Problem requirements »
Please write out the full listing beneath this line exactly, skipping its images.

Dataset content »
►

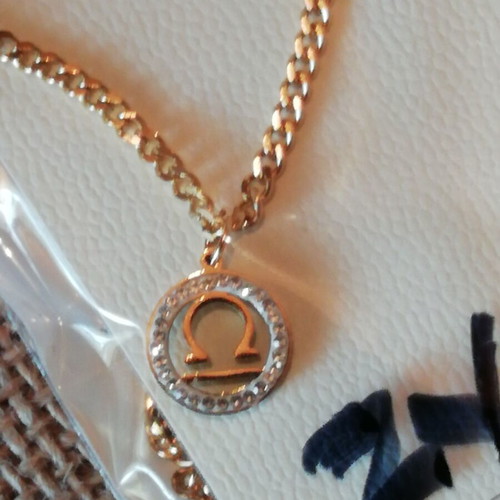 Libra necklace gold plated steel with clear zirconia new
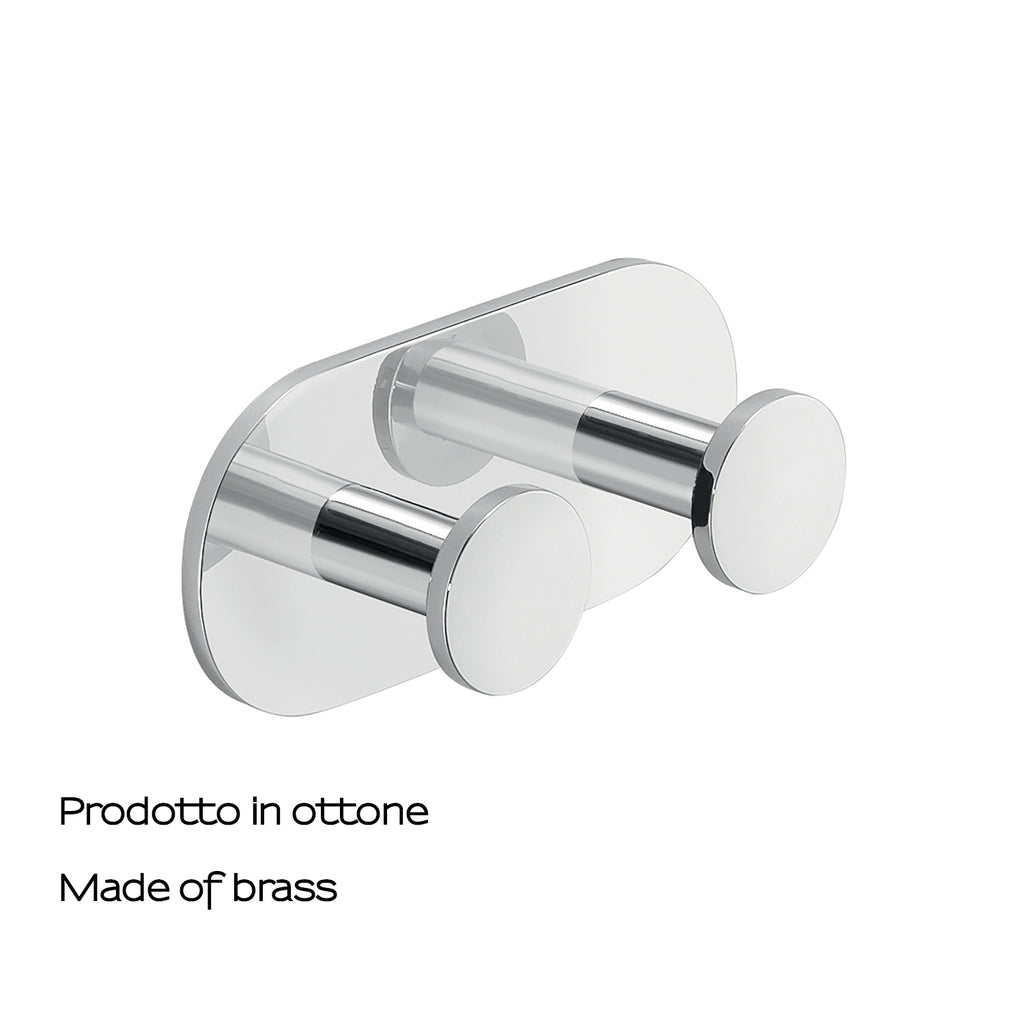 Appendiabiti doppio di Gedy modello Ustica in Alluminio - Cromato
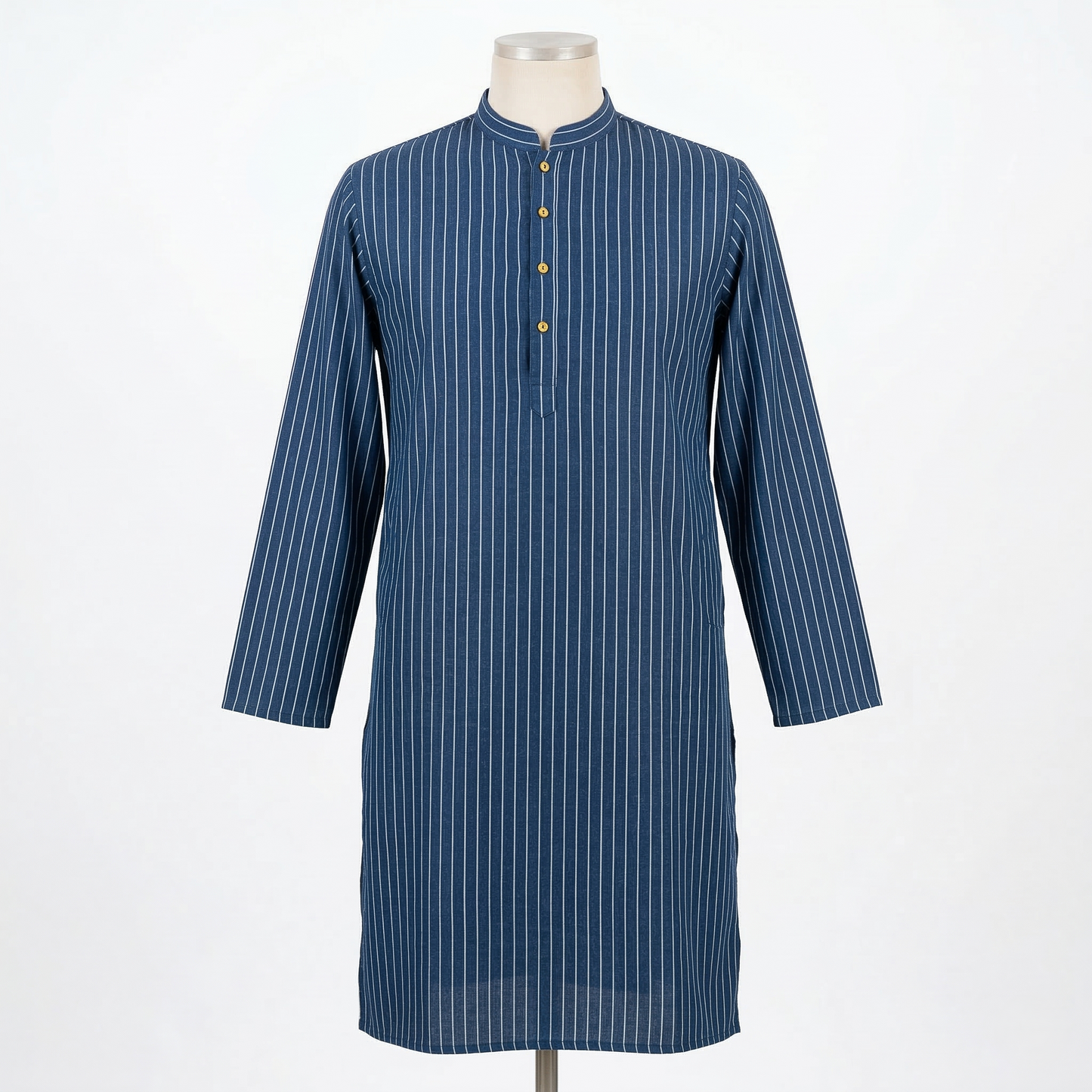 Blue Pinstripe Elegance in Royal Heritage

◄

Answer to this problem »
 Libra necklace gold plated steel with clear zirconia new
 Appendiabiti doppio di Gedy modello Ustica in Alluminio - Cromato
 Blue Pinstripe Elegance in Royal Heritage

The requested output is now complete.